Actually, ELM or its variants can also be regarded as Randomized Neural Networks [12]. Since the random nature of ELM’s hidden layer, ELM potentially yields an unstable prediction, which results in a large number of hidden neurons is required to guarantee its performance. To address this problem, many approaches have been proposed to improve ELMs. A straightforward idea is to optimize ELM’s hidden layer parameters utilizing heuristic searching, such as Differential Evolution [13], Memetic Algorithm [3], and Evolutionary Multi-objective Algorithm [14], however, which generally implies a high computational cost. In [15], Kernel-based ELM (KELM) was proposed by assuming ELM’s hidden mapping unknown to users, and have shown can outperform Support Vector Machine (SVM) in many applications.

In recent years, deep learning [16], which learns feature representation via a hierarchical structure, has achieved remarkable success in various fields. Inspired by this, developing deep representation methods based on ELM has attracted increasing attention [4], [17], [18], [19]. For example, multi-layer ELM (ML-ELM) [4] that constructs deep representation by stacking a series of ELM autoencoders (ELM-AEs) sequentially. Instead, Zhou and Feng [20] first proposed the Deep Forest method (gcForest), a random forest ensemble approach, showing the power of integrating representation learning and ensemble learning, furthermore, providing a solution to build deep representation using traditional methods.
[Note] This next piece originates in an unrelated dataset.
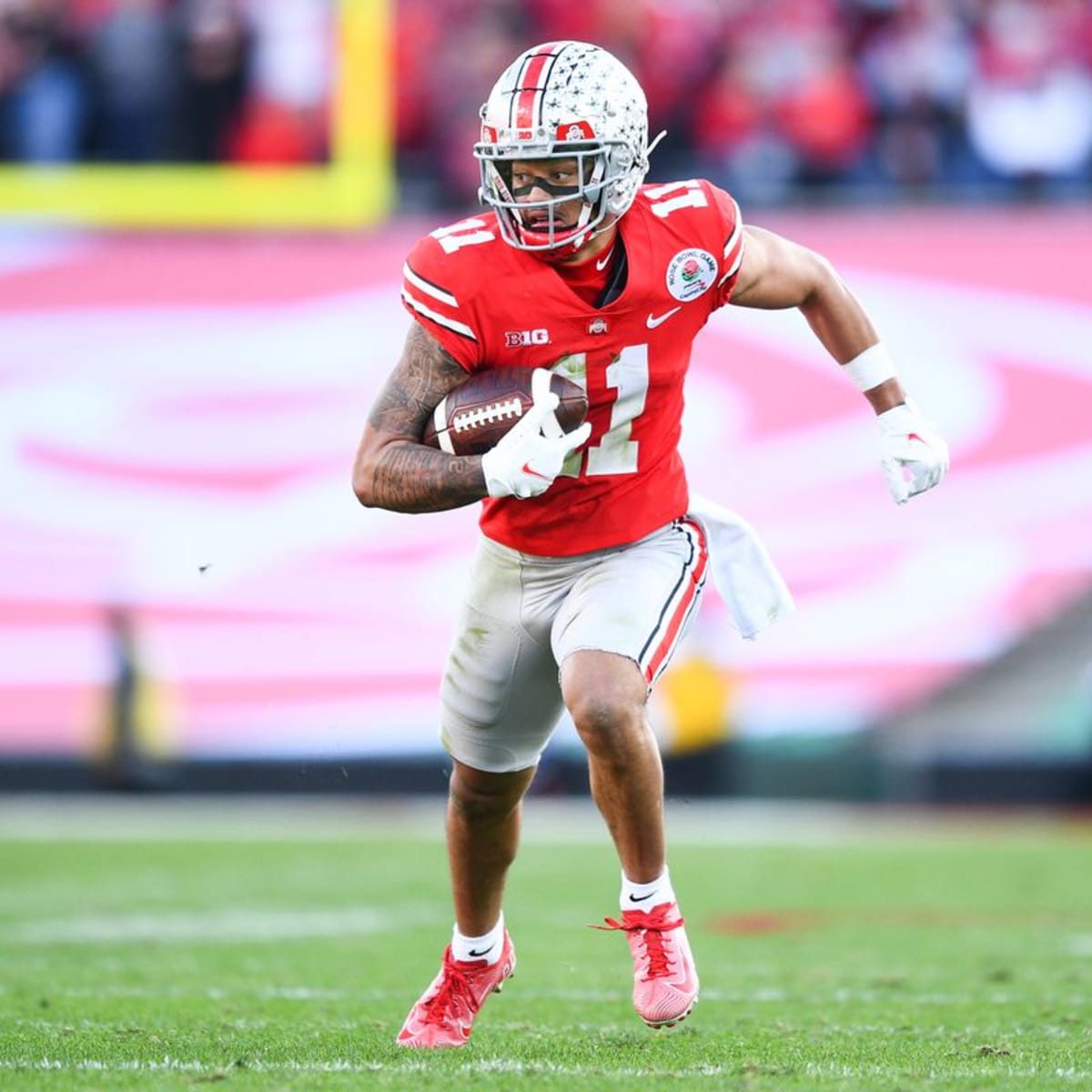 Fantasy Football: 2023 Dynasty Rookie Rankings - Visit NFL Draft on Sports  Illustrated, the latest news coverage, with rankings for NFL Draft  prospects, College Football, Dynasty and Devy Fantasy Football.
It is well known that ensemble learning is effective for combining multiple learning methods to yield better performance. Although ensemble methods have been used to improve ELM, e.g. Voting-based ELM (V-ELM) [21], the integration of representation learning and ensemble learning has not been drawing enough attention. In [22], a hierarchical ELM ensemble (H-ELM-E), an ensemble of ensembles, was used to fuse different image features. Similarly, in [12], a trained combiner is used to integrate component ELMs, however, it essentially is weighted voting and is not able to do representation learning.

In this paper, we aim at developing a novel hierarchical ensemble of ELM (HE-ELM) for representation learning. Unlike the traditional ensemble methods which make a final decision on a shallow ensemble, the proposed method includes multiple re-representation layers and adopts two diversity encouraging strategies to avoid model overfitting.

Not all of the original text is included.